Deadlock in IvasModeRunner.py
Commit SHA to replicate: ca31cb52 (for example)
It has been found out in the development of the CI system and specifically smoke tests that the IvasModeRunner.py can end up into a deadlock situation. In previous use, this has been probably a very rarely occurring situation but with the short inputs of the smoke tests combined with high concurrency (over 50 threads) on some runners has brought the deadlock up.
This problem can be replicated at least on Ubuntu 18.04 using Python version 3.8.10 and with the following edited command of smoke_test.sh
./scripts/runIvasCodec.py -p ./scripts/config/ci_linux.json -m $list -U 1 -t 200 | tee smoke_test_output.txt
Probably increasing threads from 200 to higher count makes it appear even more reliably but this already ended in deadlock almost always on our platform.

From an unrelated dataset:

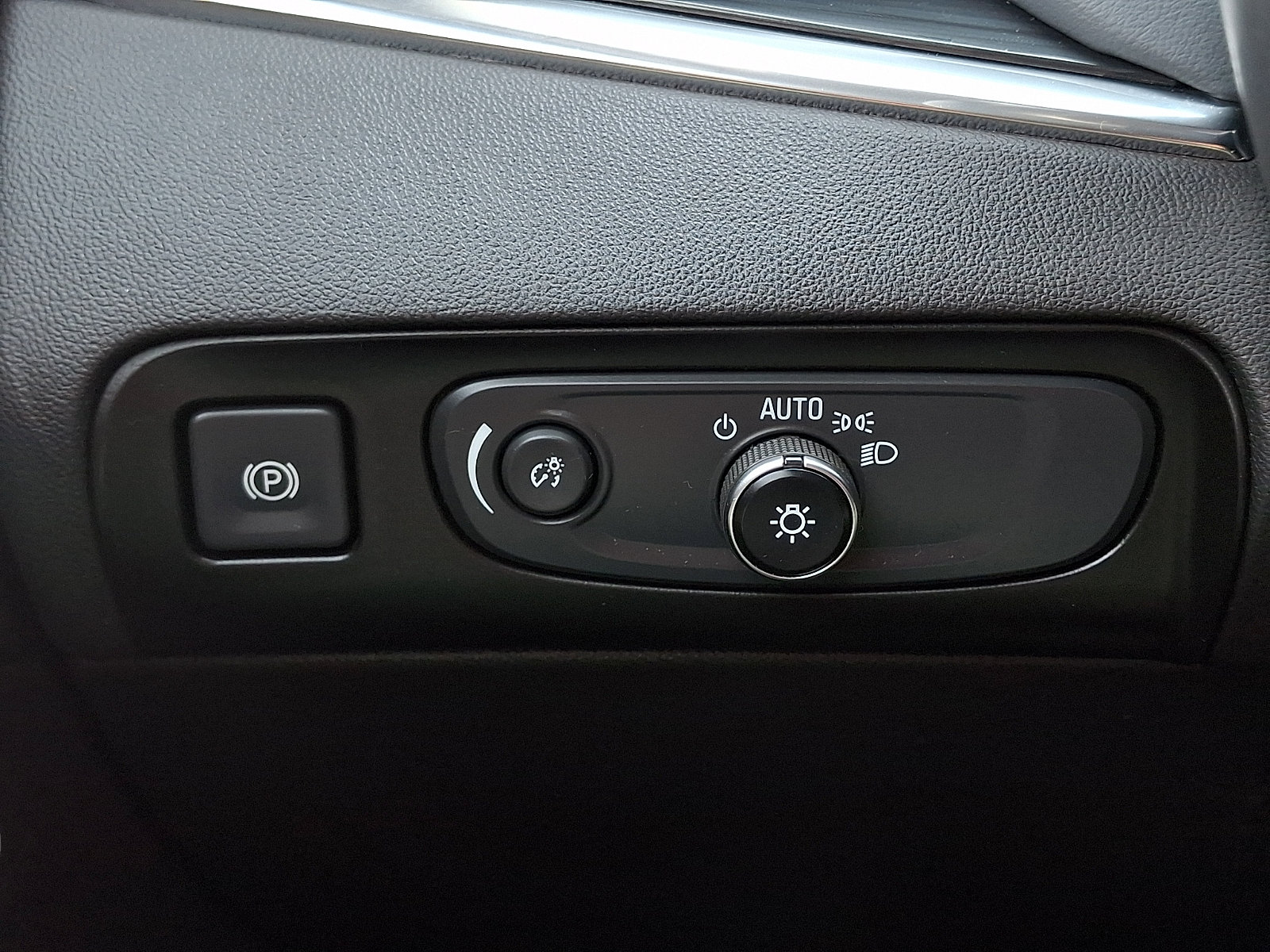 Used 2020 Buick Enclave Essence w/ Sound and Sites Package FWD image 30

Our default thread count of 16 required somewhere between 50 to 100 runs to end in deadlock.
The problem seems to be limited to the normal encoder-decoder run as the run with --decoder_only
option did not deadlock.
A trace with GDB from the deadlock situation gives this
(gdb) py-bt
Traceback (most recent call first):
File "/usr/lib/python3.8/threading.py", line 1027, in _wait_for_tstate_lock
elif lock.acquire(block, timeout):
File "/usr/lib/python3.8/threading.py", line 1011, in join
self._wait_for_tstate_lock()
File "/usr/lib/python3.8/concurrent/futures/thread.py", line 236, in shutdown
t.join()
File "/usr/lib/python3.8/concurrent/futures/_base.py", line 644, in __exit__
self.shutdown(wait=True)
File "/home/gitlab-runner/debugtemp/ivas-pc-repo/scripts/pyivastest/IvasModeRunner.py", line 2632, in run_enc_dec_threads
File "/home/gitlab-runner/debugtemp/ivas-pc-repo/scripts/pyivastest/IvasModeRunner.py", line 1513, in run
self.run_enc_dec_threads()
File "./scripts/runIvasCodec.py", line 908, in run
File "./scripts/runIvasCodec.py", line 661, in <module>
and interrupting the process gives this trace
File "./scripts/runIvasCodec.py", line 149, in <module>
script.run()
File "./scripts/runIvasCodec.py", line 140, in run
runner.run()
File "/home/gitlab-runner/debugtemp/ivas-pc-repo/scripts/pyivastest/IvasModeRunner.py", line 1513, in run
self.run_enc_dec_threads()
File "/home/gitlab-runner/debugtemp/ivas-pc-repo/scripts/pyivastest/IvasModeRunner.py", line 1608, in run_enc_dec_threads
self.dec_queue["condition"].release()
File "/usr/lib/python3.8/concurrent/futures/_base.py", line 644, in __exit__
self.shutdown(wait=True)
File "/usr/lib/python3.8/concurrent/futures/thread.py", line 236, in shutdown
t.join()
File "/usr/lib/python3.8/threading.py", line 1011, in join
self._wait_for_tstate_lock()
File "/usr/lib/python3.8/threading.py", line 1027, in _wait_for_tstate_lock
elif lock.acquire(block, timeout):
Looking at the code, this deadlock problem looks to be related to the lock self.dec_queue["condition"]
acquired at row 1596 of IvasModeRunner.py
and the break
on row 1600 of the same file. I would guess that there should be at least a release of the lock there. However, testing addition of the release gives a wrong progress output so some more work is required to fix this properly.